= 1920 Fijian general election =

General elections were held in Fiji in July, August and September 1920.

==Electoral system==
The Legislative Council consisted of 12 official members (eleven civil servants and a British subject not holding public office), seven elected Europeans and two appointed Fijians. The Governor served as President of the Council.

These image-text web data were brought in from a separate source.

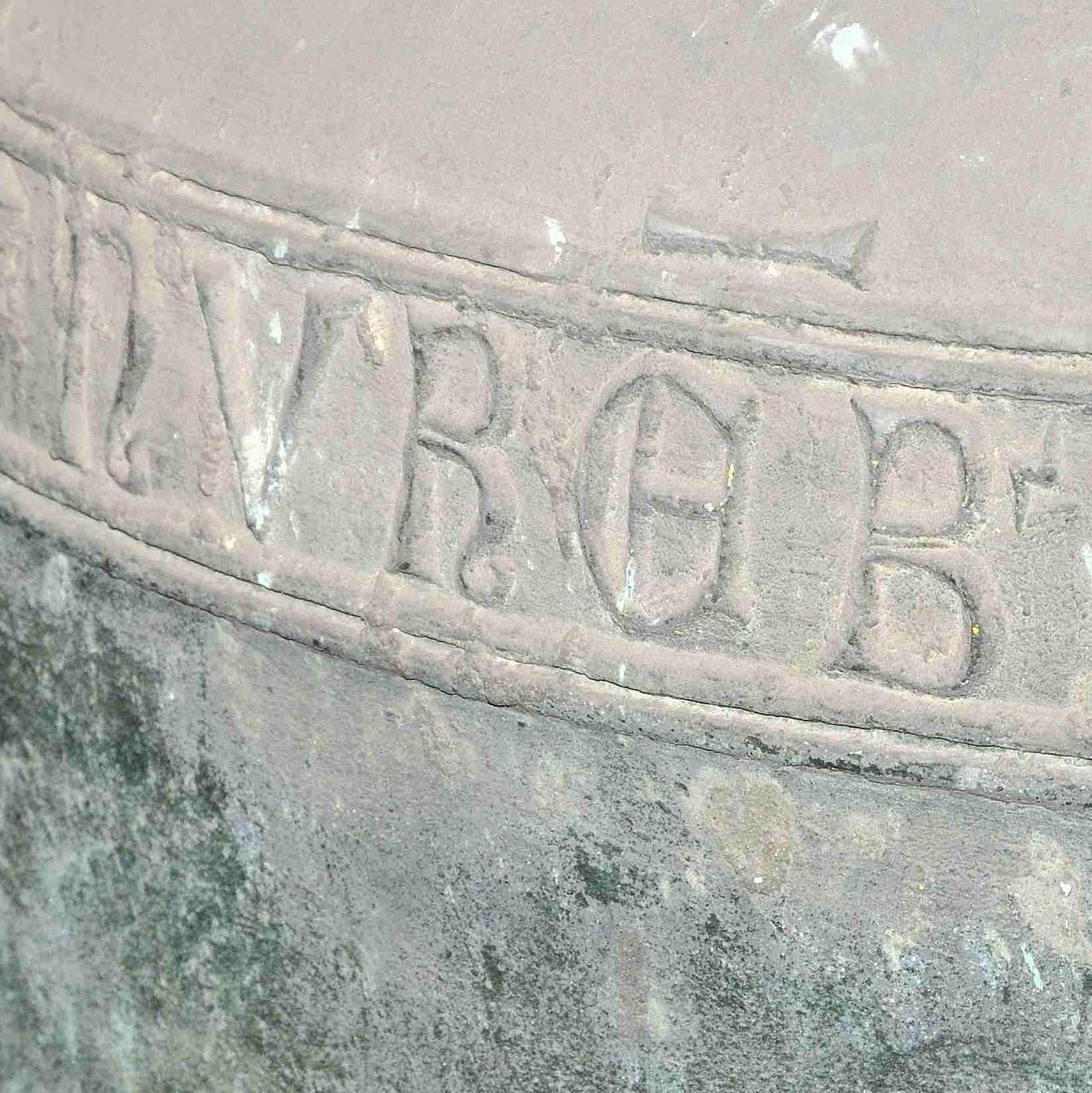 Eichstätter Dom, Südturm: Teil der Gießersignatur auf der 1299 von S(ifridus), Nürnberg, gegossenen Marienglocke. Foto: Thomas Winkelbauer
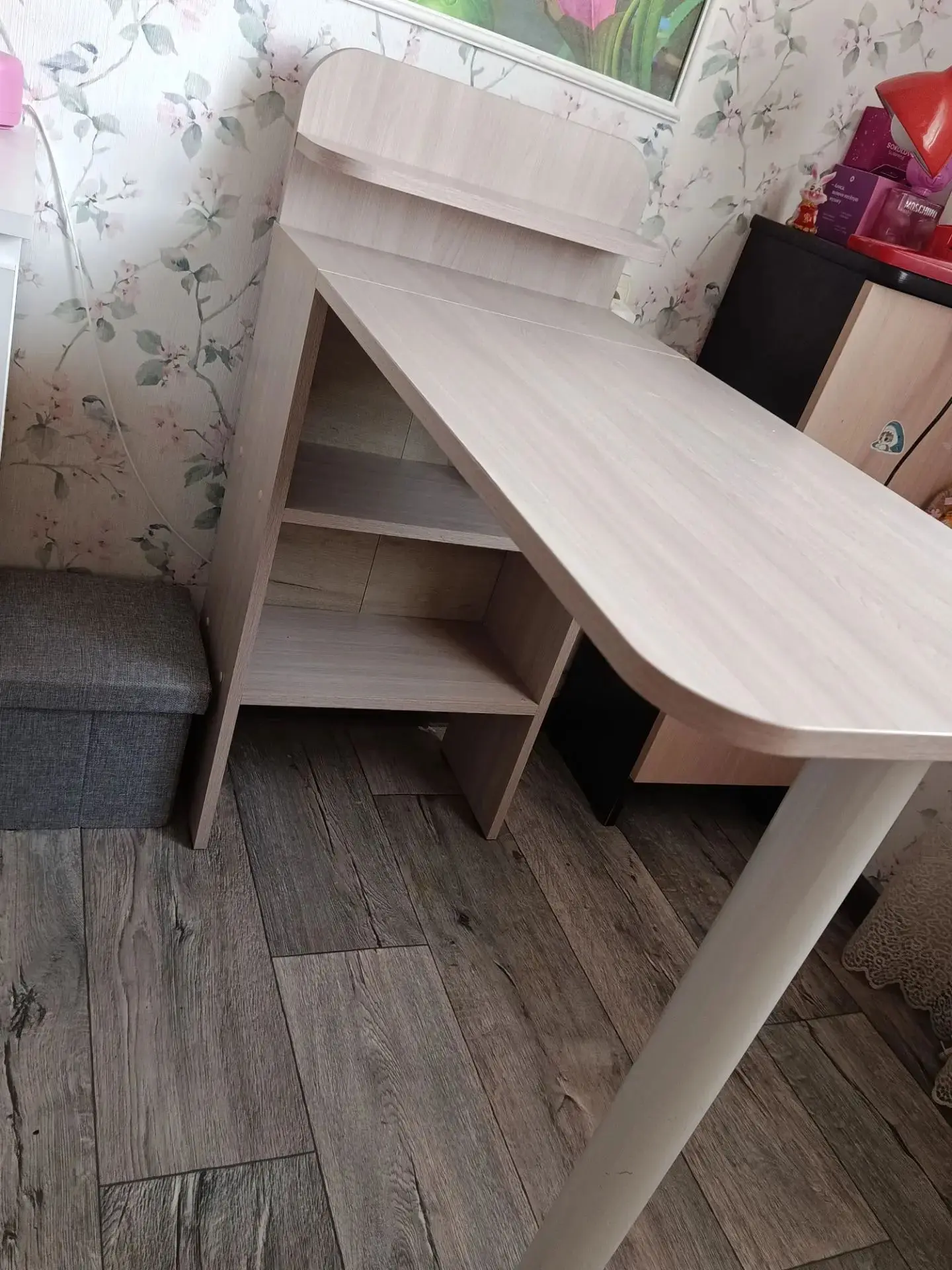 Продам стол для маникюра, но его можно использовать и как письменный.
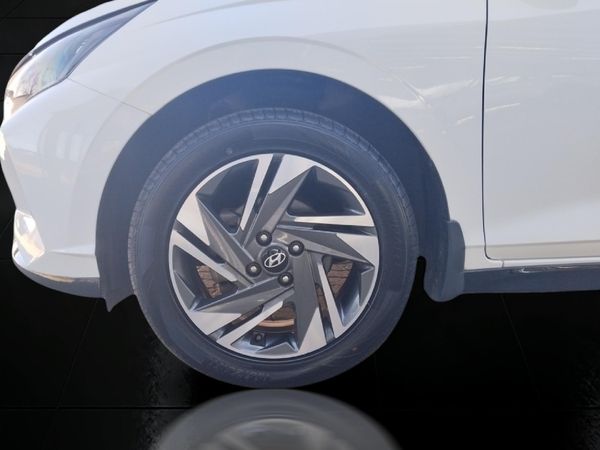 2022-Hyundai-i20-12-Fluid image:16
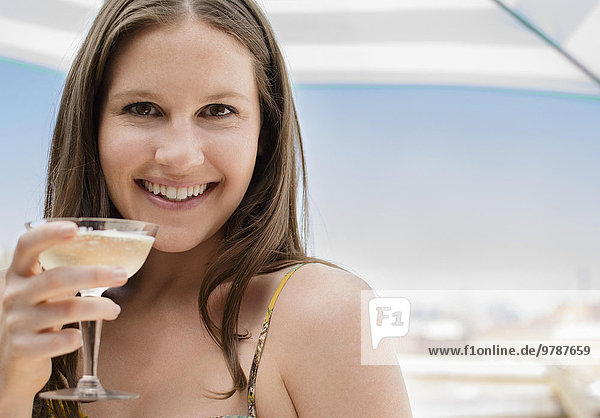 Außenaufnahme Europäer Frau Cocktail trinken freie Natur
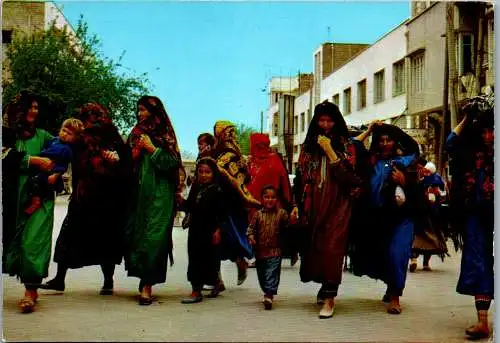 50421 - Iran - Gombad Kavoos , Gonbad-e Kavus , Some Woman - nicht gelaufen 1972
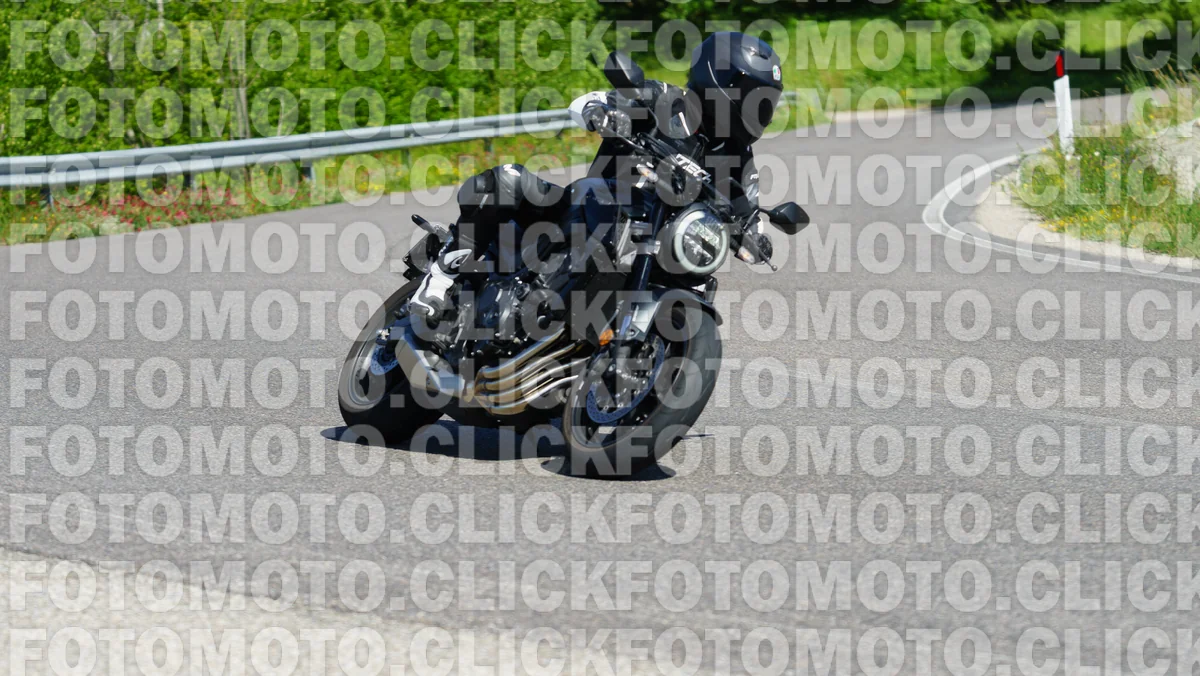 fotomotoclick-viamaggio-14-06-2026-179-09-52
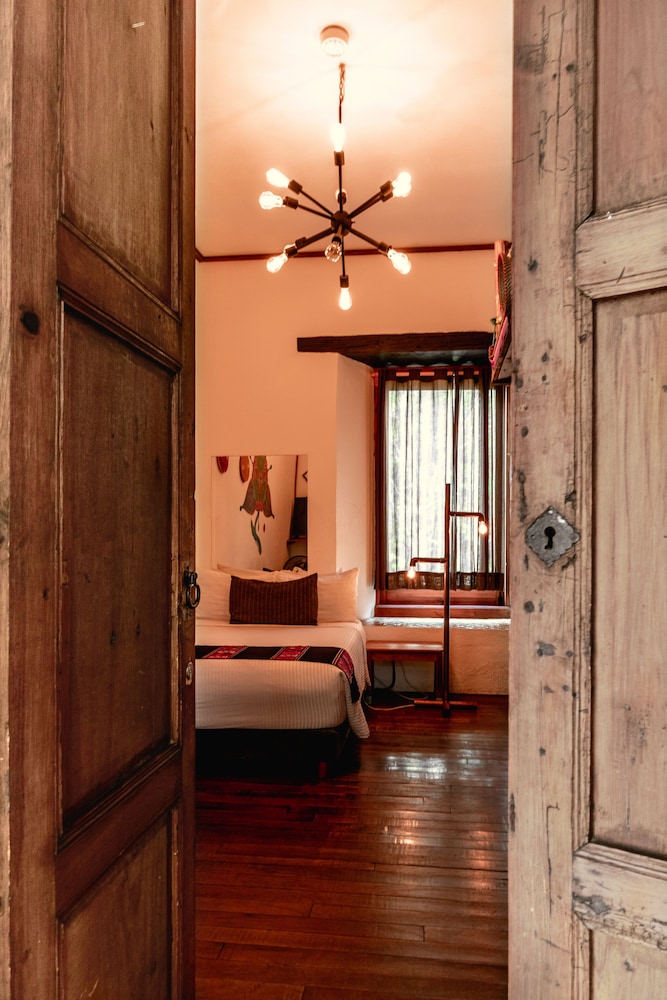 Sereno Art Hotel 4/78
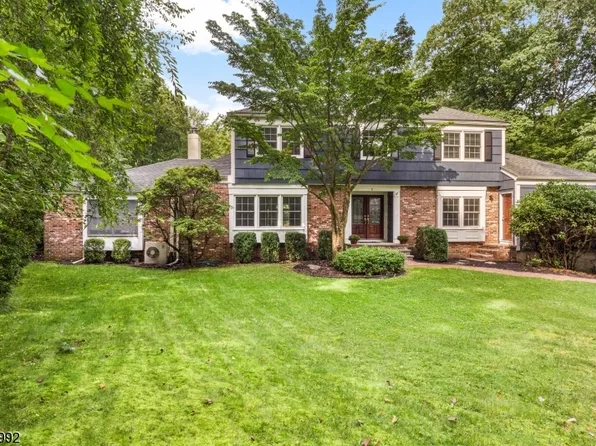 8 E Gate Rd, Long Valley, NJ 07853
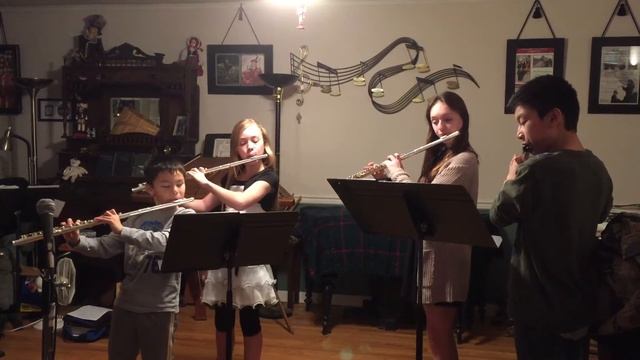 Xmas Quartets: Julin, Kimber, Zerna and Timon (12/14/14) смотреть онлайн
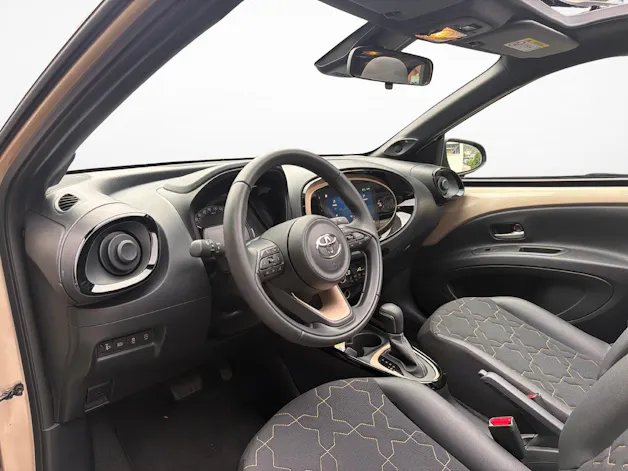 Toyota Aygo X 1.0 VVT-i Style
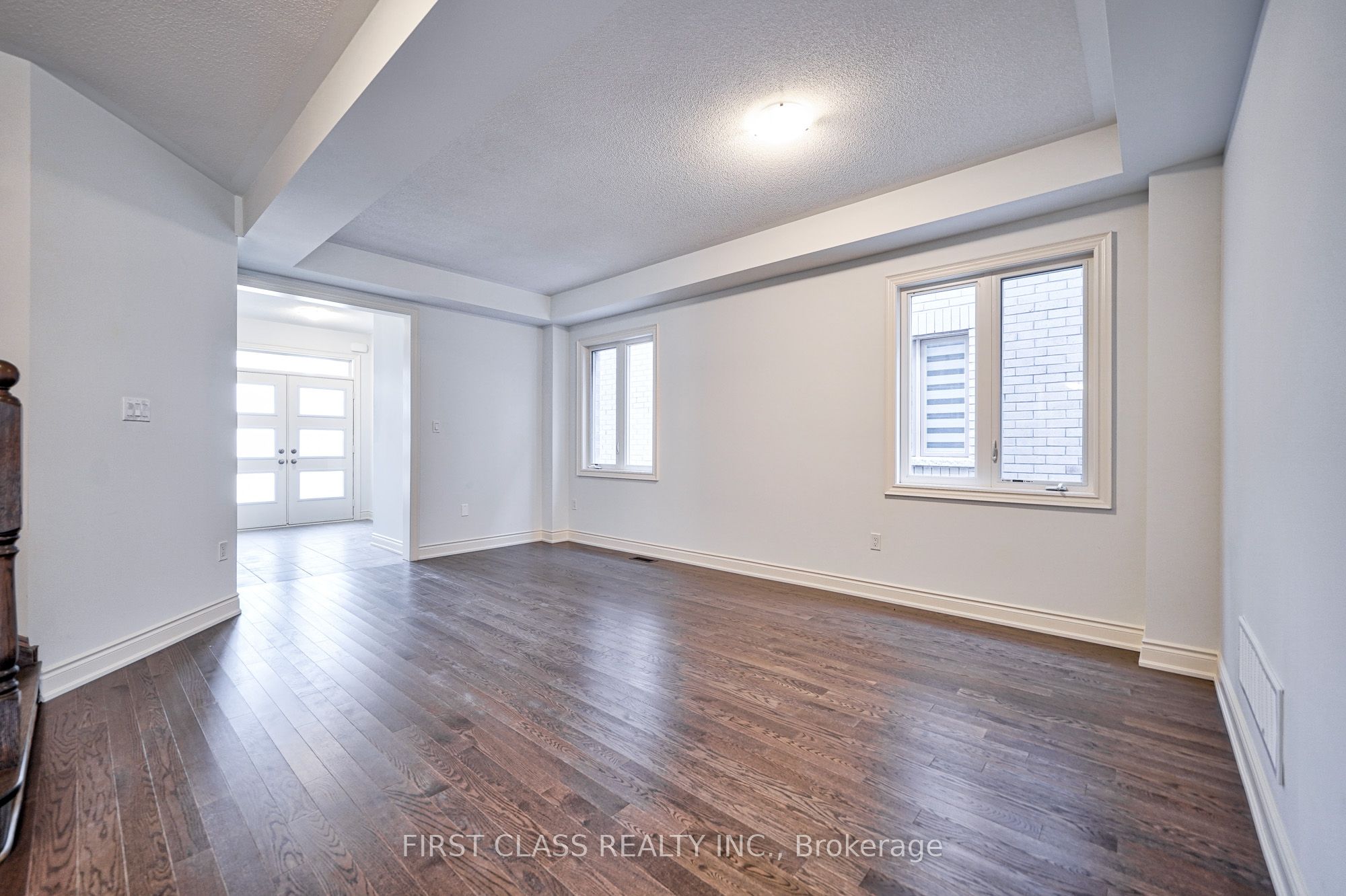 325 Boundary Boulevard Property Photo 6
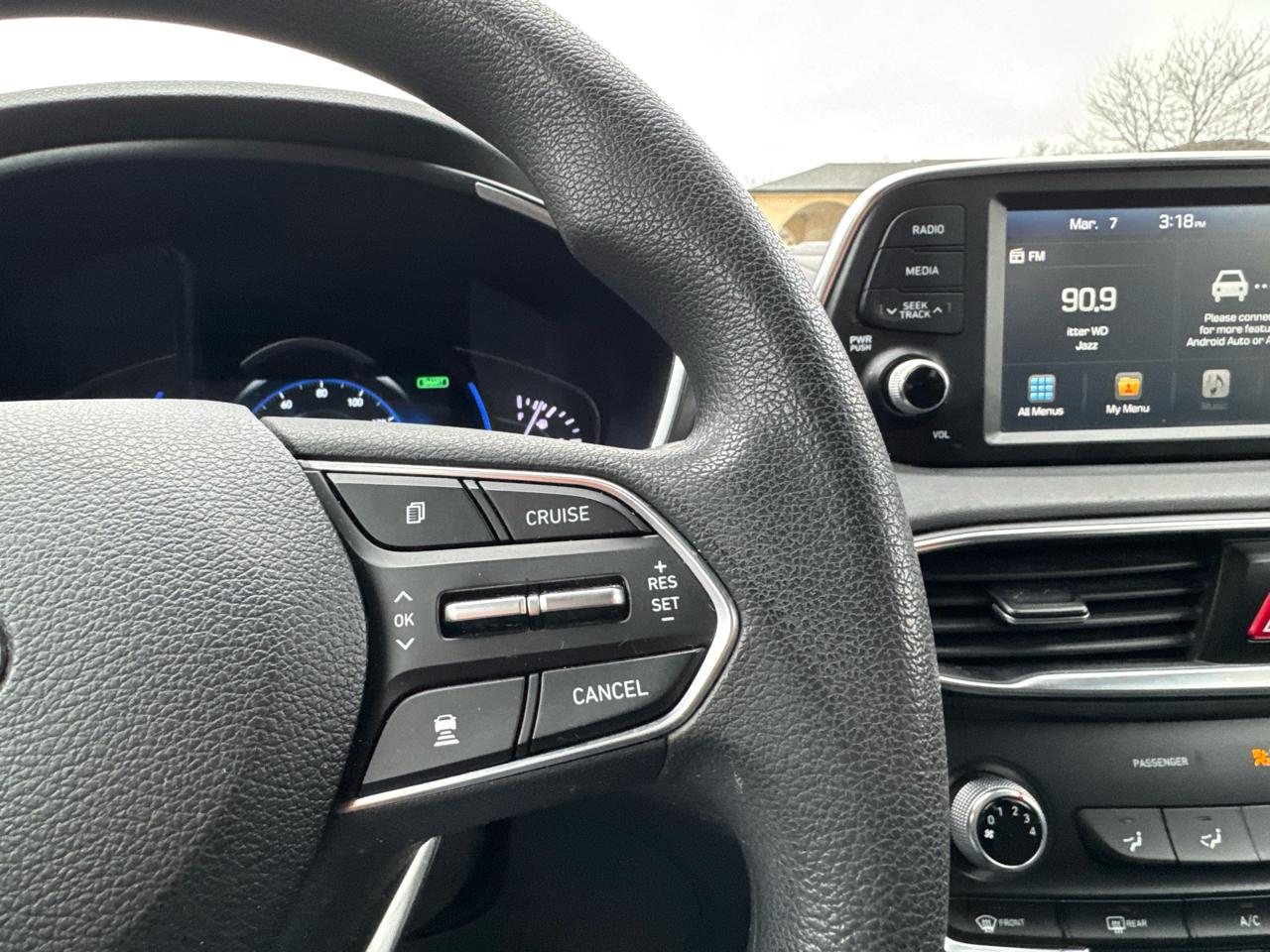 Hyundai Santa Fe SEL 2.4L Auto FWD 2019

The Europeans were elected from six constituencies; Eastern, Northern, Southern, Suva, Vanua Levu & Taveuni and Western. Voting was restricted to men aged 21 or over who had been born to European parents (or a European father and was able to read, speak and write English) who were British subjects and had been continuously resident in Fiji for 12 months, either owning at least £20 of freehold or leasehold property or having an annual income of at least £120, and were not on the public payroll.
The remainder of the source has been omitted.